Sep 10th 1952 // THE TIMES TRIBUNE

Scranton, Pennsylvania





HOLLYWOOD—Behind movie headlines: What about this Marilyn Monroe? How did this attractive blonde actress who had been skirting the fringes of picture-making for nearly six years suddenly zoom into giddy prominence?

Fans all over the country are asking this question and here in Hollywood, where they are supposed to know the answers to such phenomena, the reason for Marilyn’s skyrocketing is just puzzling.

No question about it, Marilyn is one of thos super-glamour-packed personalities who drop into the eager arms of a film studio about once every 15 years—certainly no oftener. First comparisons of a similar bombshelling go back to the Jean Harlow days and not until this gala year of Monroe, 1952, has the town come up with a character to match. Some may remind us that Hedy Lamarr occupied such a niche, but her reign was short-lived and while her name became synonymous with “Hollywood Glamour,” it is doubtful if Hedy ever possessed the all-age appeal of Monroe. Lana Turner, too has had her innings, but more as the proponent of tight-fitting sweaters.

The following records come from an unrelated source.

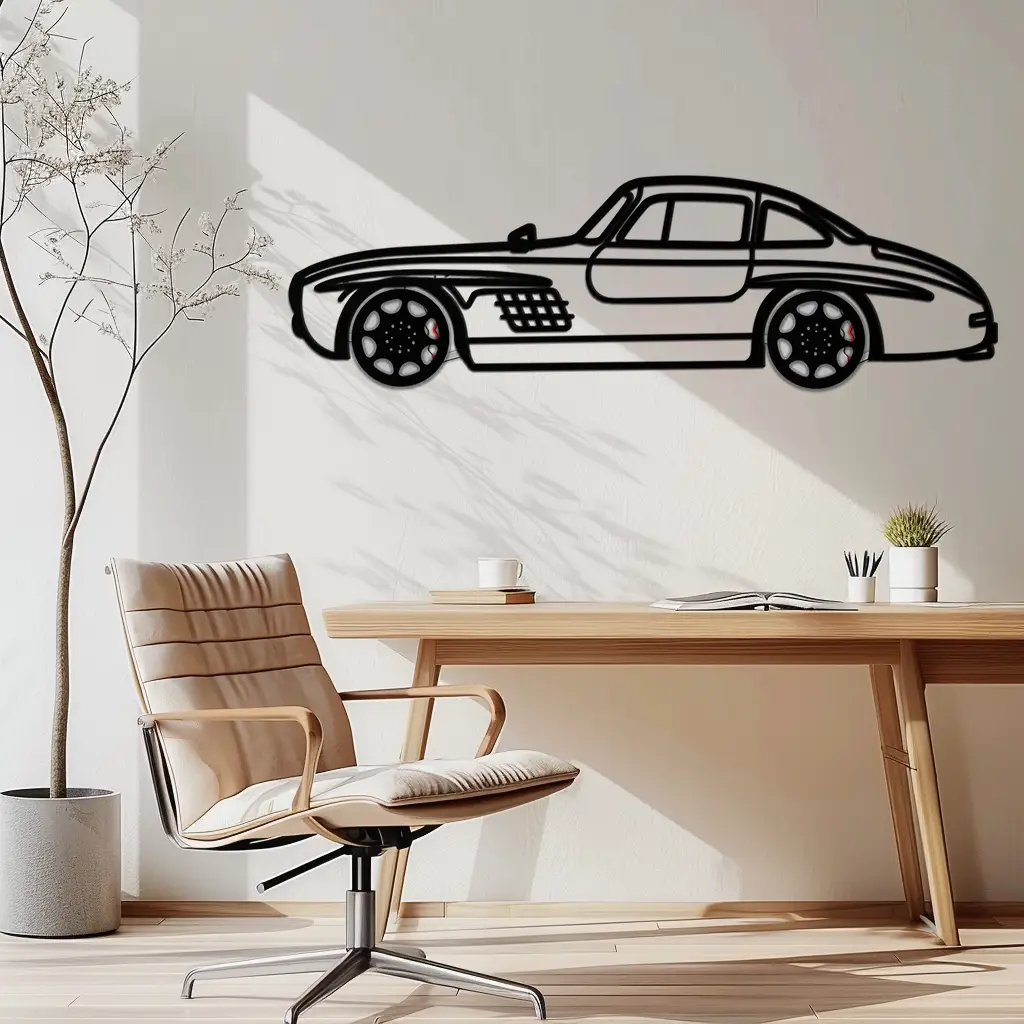 Mercedes 300 SL Metal Wall Art – Classic Gullwing Silhouette with Rotating Wheels ✨🏁KAFMEKA070 by Enova Art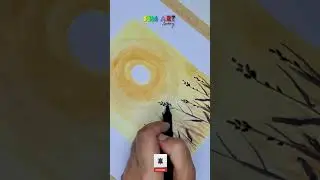 Golden Sun Watercolor &mdash; Easy Wheat Field Mini Painting | SSM Art #shorts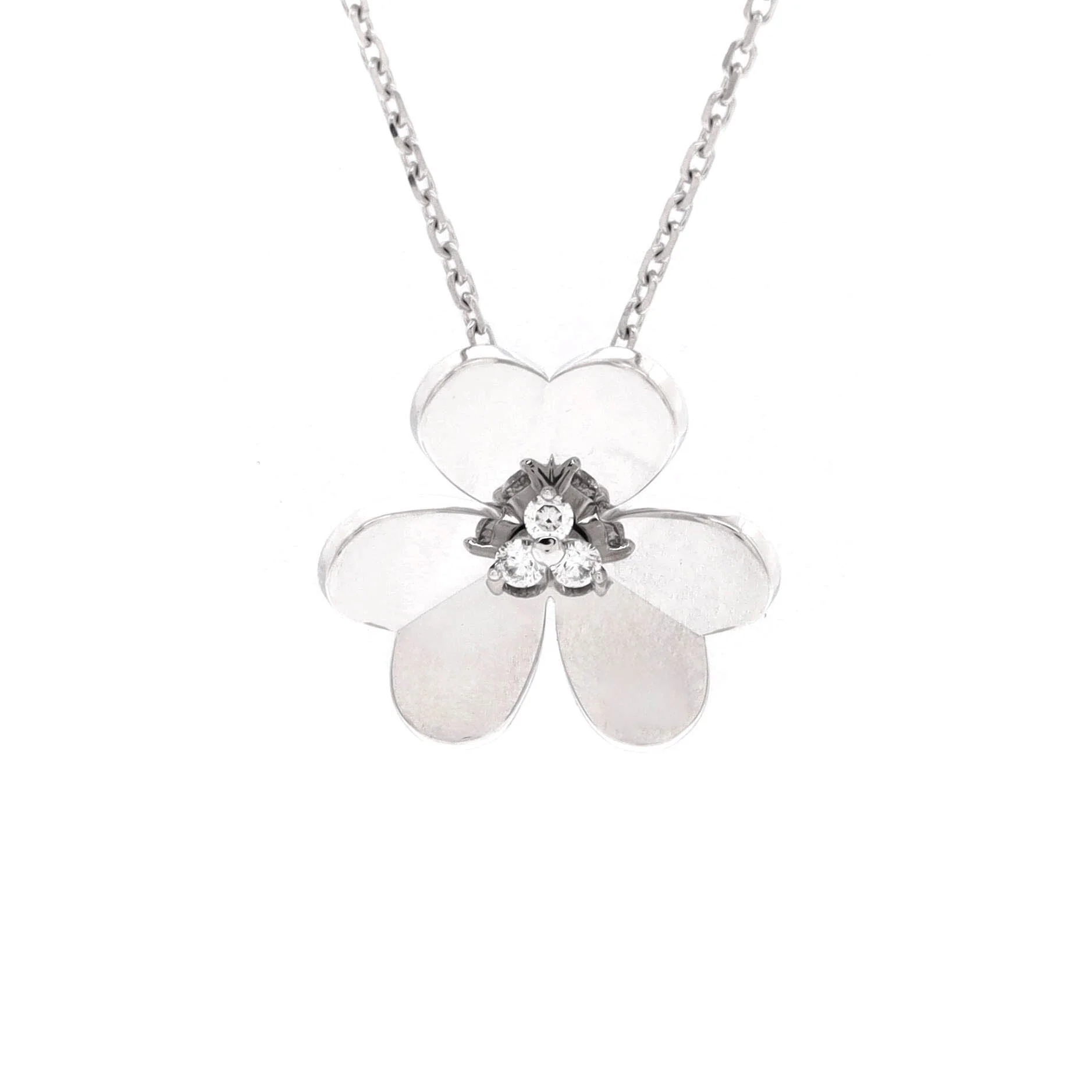 Frivole Pendant Necklace 18K White Gold with Diamonds Large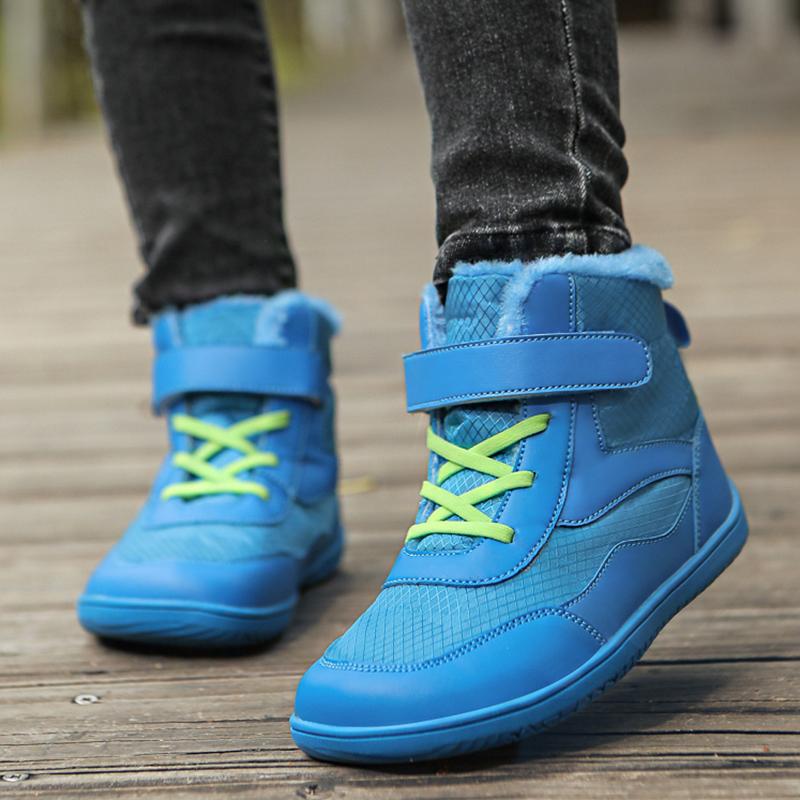 New Wide Barefoot Kids Snow Boots Winter Warm Boots for Girls Outdoor Walking Non-slip Children's Shoes Girl Boy Shoes Sneakers
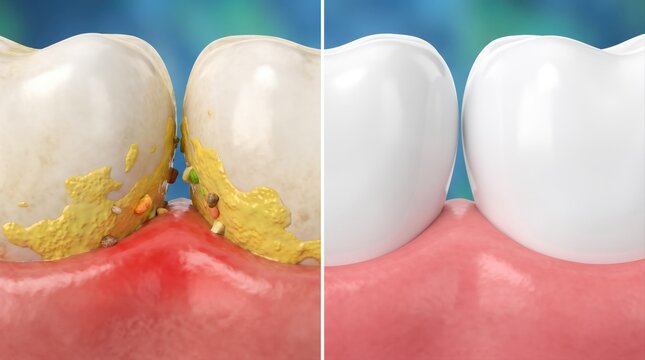 A split-screen comparison showing teeth with tartar and gum inflammation versus healthy white teeth.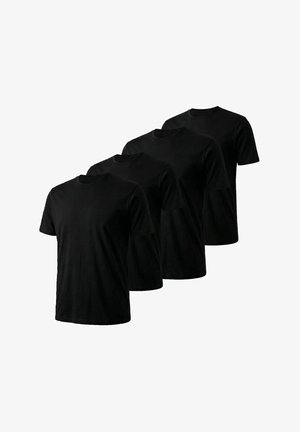 Vier schlichte schwarze T-Shirts mit kurzen Ärmeln und Rundhalsausschnitt, in versetzter Reihe auf weißem Hintergrund angeordnet.
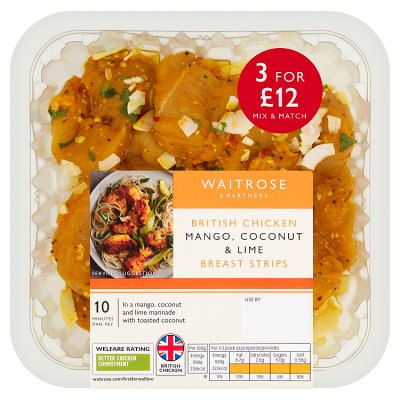 Waitrose Mango And Coconut Chicken Breast Strips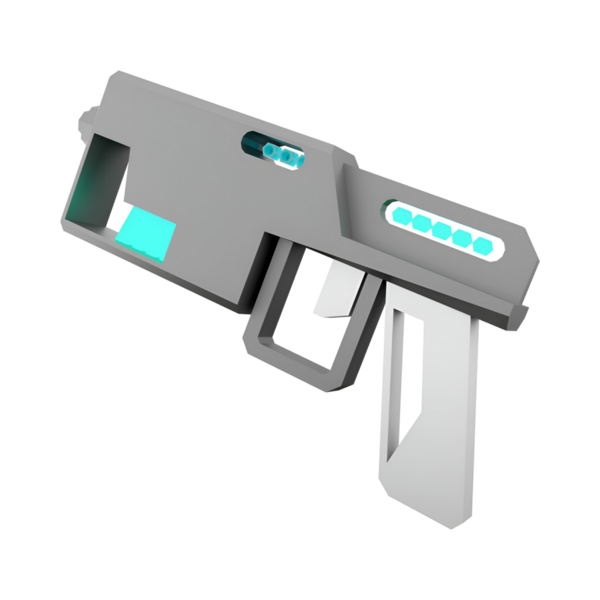 Gösterişli çizgileri ve parlak aksanları olan, muhtemelen video oyunu ya da dijital sanat için tasarlanmış gelecekçi, stilize bir silah tasarımı..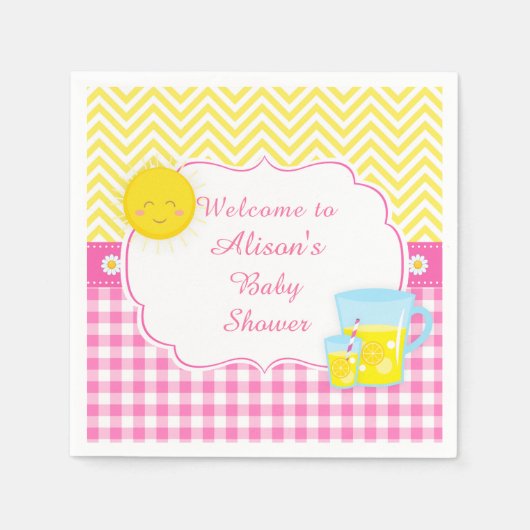 Serviette En Papier Sunshine & Lemonade rose & jaune (Devant)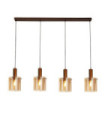 Sweden pendant light Mild steel, Brown glass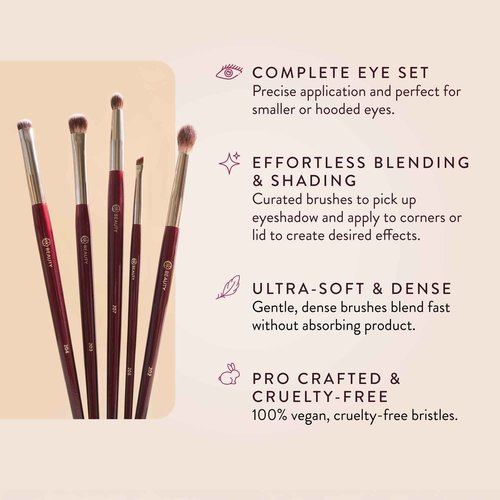 BK BEAUTY - BRUSH SET FOR HOODED OR SMALLER EYES (5PC) - Eyeshadow Brush Set for Blending, Smudging & Defining Eyeshadow and Eyeliner | Premium Eye Makeup Brushes for Precise Application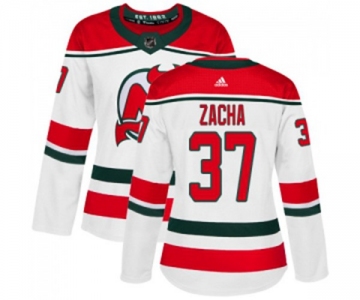 Women New Jersey Devils #37 Pavel Zacha Authentic White Alternate Hockey Jersey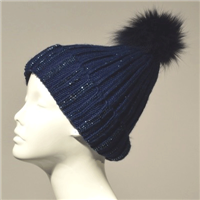 Mitchie's Matchings Knit Hat with Sparkles - Women's - Navy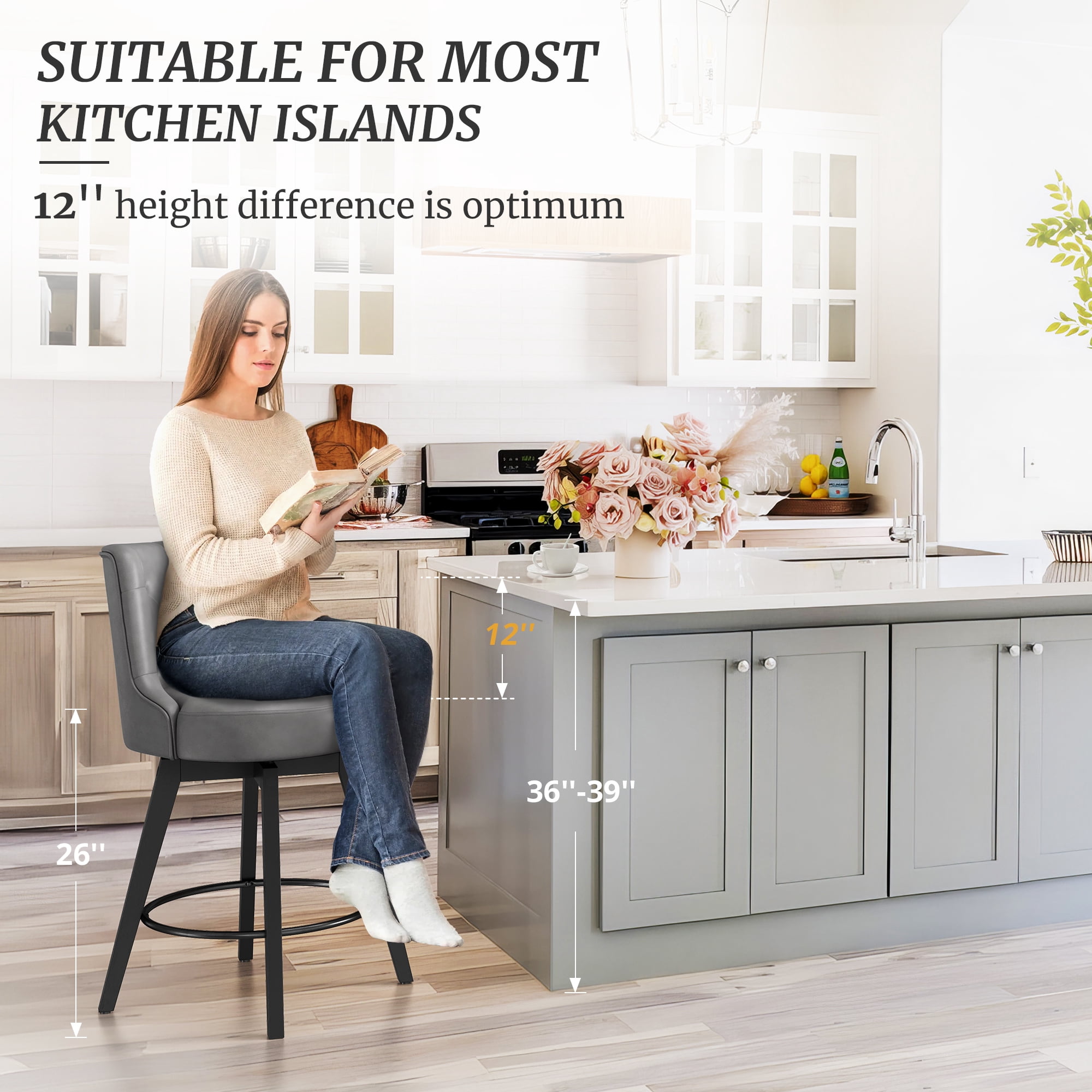 Dycanpo 26" Swivel Counter Height Bar Stools, with Back Faux Leather for Home Kitchen, Dark Gray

The careers of Marilyn Monroe and Jean Harlow turn up some surprising parallels, especially as to the sparks that set them burning in fan favor. Like Harlow, Marilyn was an extra and a bit player before the big break came. Harlow bridged the gap from extra to star through the bawdy publicity explosion set off by Howard Hughes’ “Hell’s Angels” of 20 years ago. When Jean excused herself from aviator Lyon in her apartment, saying “I want to change into something more comfortable,” and then returned in the almost altogether, the hue and cry raised throughout the nation forced drastic censorship changes in the Harlow wardrobing. That was the one punch Jean needed.

Likewise, it seemed to be a job of photogenic undressing that jet-propelled Marilyn from the so-so status into the greatest boxoffice bet of modern times. In Marilyn’s case, it was a nude calendar she had posed for while out of work back in 1949, and which was brought into circulation only this year.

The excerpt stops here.